Intervention de Yves Blein

Commission d'enquête Incendie de l'usine Lubrizol — Réunion du 29 octobre 2019 à 16h00
Audition de M. Yves Blein président de l'association nationale des collectivités pour la maîtrise des risques technologiques majeurs amaris

Yves Blein, président de l'Association nationale des collectivités pour la maîtrise des risques technologiques majeurs (Amaris) :

Amaris a été créée en 1990, après l'adoption de la directive Seveso qui a suivi le premier accident industriel important en Europe, dans la ville éponyme. Je la préside depuis 2008 et j'en ai été élu administrateur en qualité de maire de Feyzin. Je suis député et encore conseiller municipal de Feyzin, mais je quitterai l'association au terme de ce dernier mandat. Il me semble que l'expérience du maire d'une ville qui accueille des industries classées « Seveso seuil haut » peut vous intéresser.
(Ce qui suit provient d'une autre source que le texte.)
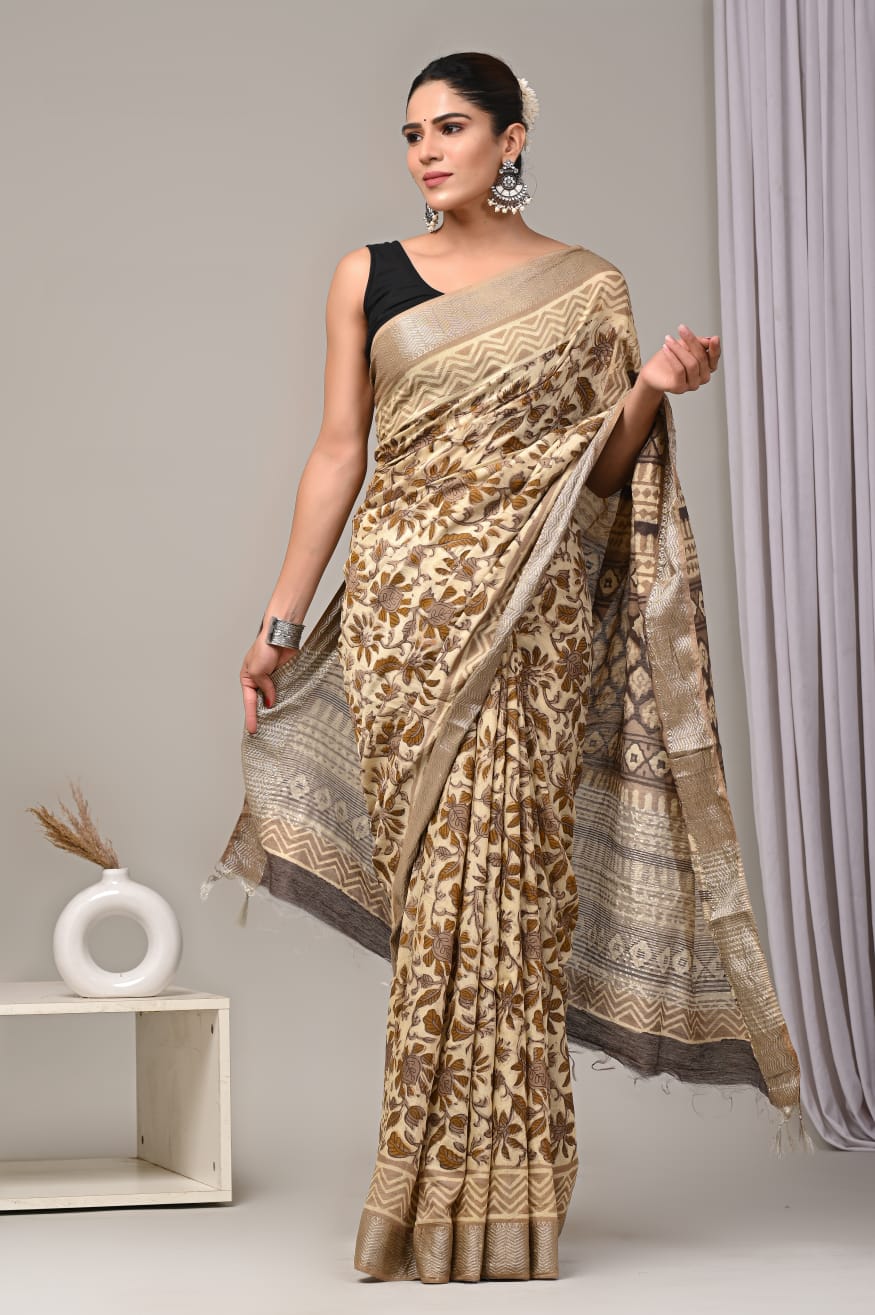 HAND BLOCK BAGRU PRINTED ART SILK CHANDERI SAREE WITH BLOUSE (CIH26)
Amaris a été très active après l'accident d'AZF pour contribuer à la mise en oeuvre de la loi du 30 juillet 2003, dite « loi Bachelot », relative à la prévention des risques technologiques et naturels et à la réparation des dommages. En 2019, nous commençons seulement à entrer dans la mise en oeuvre concrète des mesures de protection prévues qui concernent les habitants : les travaux ont été réalisés dans 600 logements sur les 16 000 qu'il faut protéger.

Pourquoi a-t-il été si long de mettre en oeuvre ces mesures ? La doctrine de la France en matière d'appréciation des risques a été refondue en 2003. Jusque-là, la France appliquait la méthode dite « déterministe », qui consiste, avec un site Seveso, à se caler sur l'hypothèse de risque la plus élevée et à en tirer toutes les conséquences possibles, telles que l'interdiction de l'urbanisation, la réglementation autour du site, etc.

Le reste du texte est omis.